The Importance of Maintaining Continuous Impedance in PCB Design

Ensuring continuous impedance in PCB design is crucial for effective signal transmission. However, there are instances where impedance discontinuities may occur, leading to signal reflection and potential issues. Here are some key considerations:

1. Gradient Line

When dealing with small RF device packages, gradient lines are used to avoid sudden changes in line width. This helps prevent impedance disruptions. It is important to pay attention to the transition part of the line to maintain signal integrity.

2. Corner

Right-angle corners in RF signal lines can cause impedance discrepancies and signal reflection.
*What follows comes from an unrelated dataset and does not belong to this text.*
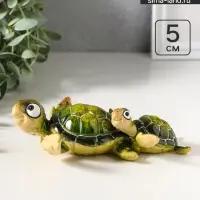 Фигурка полистоун лак &laquo;Черепаха с черепашонком&raquo;, зелёный, 15.8&times;11.8&times;5 см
To address this, chamfering or filleting the corners can help reduce impedance disruptions. A larger radius for the arc angle is recommended (R>3W).

3. Large Pad

Large pads on microstrip lines can introduce distributed capacitance, affecting the characteristic impedance. To mitigate this, thickening the microstrip line medium or hollowing out the ground plane under the pad can help reduce the impact of distributed capacitance.

4. Vias

Vias play a critical role in connecting transmission lines on different layers of a PCB. However, via stubs and parasitic parameters can lead to impedance issues. Utilizing a diskless process and optimizing the anti-pad diameter can help reduce via impedance discontinuities.

5. Through-Hole Coaxial Connector

Similar to vias, through-hole coaxial connectors can experience impedance disruptions. Implementing a diskless process, choosing a suitable lead-out method, and optimizing the anti-pad diameter on the PCB board can aid in minimizing impedance discrepancies.